I’m looking for a word similar to “longtermism” to refer to the view that the most important determinant of the value of our decisions is how they affect regions of the multiverse that are causally-disconnected from ours (henceforth “causally-disconnected regions”), since those regions are very big and can contain far more value-bearing locations than causally-connected regions.
(Affecting causally-disconnected regions is possible if there is some subjunctive dependence between our decisions and outcomes in those regions; for example, if there are copies of us simulated in them.)

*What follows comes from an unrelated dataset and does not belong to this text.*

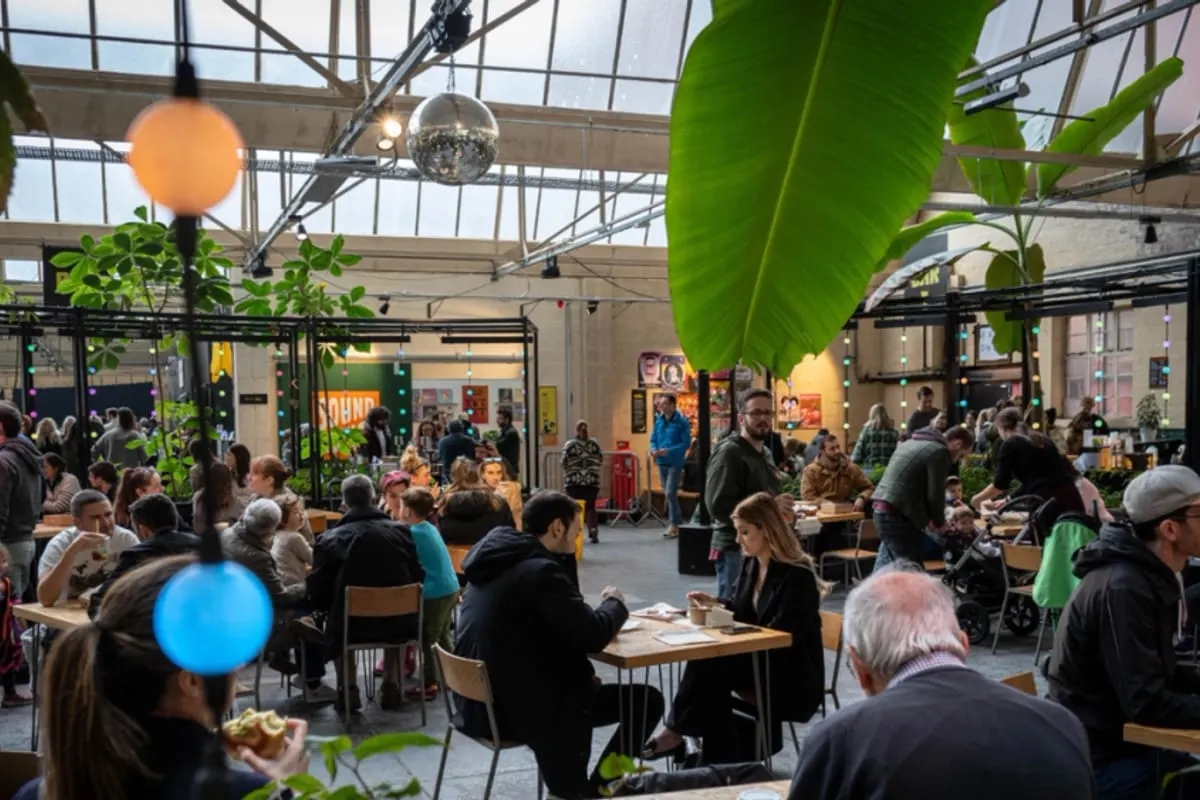 Busy indoor market or food hall with crowds of visitors seated at tables, colourful hanging lights, and lush green plants throughout a glass-roofed space.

This is related to views posed by Wei Dai in this post (though note that he doesn’t use any terminology like “causally-disconnected region”; my usage of that term is influenced by Mati Roy). I’m interested in this because it seems to me that many of the intuitions that would lead someone to support longtermism would also lead them to support this view, as Wei Dai indicated in the last paragraph of this comment.
80000hours used to call a cluster of ideas related to caring about the long-term future the “long-term value thesis,” so I might start calling this the “causally-disconnected value thesis”; however, that sounds a bit too long and cumbersome, which is why I’m asking this question.
 If you don’t think there is a multiverse, just interpret my usage of “multiverse” as referring to the same thing as “universe.”
 Note that this definition is more analogous to how William MacAskill defines strong longtermism than to how he defines longtermism.